Senators and House members have both agreed to take 11% pay cuts from their $17,000 salaries, Tillery said. He said Lt. Gov. Geoff Duncan has agreed to take a 14% pay cut. Duncan now makes more than $90,000 a year.

Lawmakers saved a few programs. Farmers markers in Cordele and Thomasville will operate seasonally instead of being closed entirely. A few more slots will be added to a program providing at-home services for adults with developmental disabilities. But balancing those are other painful cuts, like no more beds for substance abuse treatment.

No state troopers or Georgia Bureau of Investigation agents will be furloughed, and senators retained $880,000 for Gov. Brian Kemp’s plan for an anti-gang task force. But trooper numbers will fall as a training school will be delayed until 2022 and 27 vacant crime lab positions and 28 GBI agent positions will go unfilled.
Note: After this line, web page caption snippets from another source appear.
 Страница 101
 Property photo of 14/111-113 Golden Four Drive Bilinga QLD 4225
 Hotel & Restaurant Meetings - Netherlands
Preschool and college scholarship programs funded by the lottery would be preserved whole because lottery revenues are relatively steady. That keeps 4,000 child-care slots, as well as keep the preschool year from being cut by 13 school days. Preschool teachers wouldn’t see a pay cut.

Some senators are considering eliminating some tax breaks, including the tax break on jet fuel that benefits Delta Air Lines, a tax break on yacht repairs, or making manufacturers pay sales taxes on electricity. It’s unclear if any of the ideas will make it out of committee, and House Speaker David Ralston rejected the plans Tuesday.

“I looked at it very quickly and asked my staff to calculate how many jobs it would kill, frankly” Ralston, a Blue Ridge Republican said of the proposal.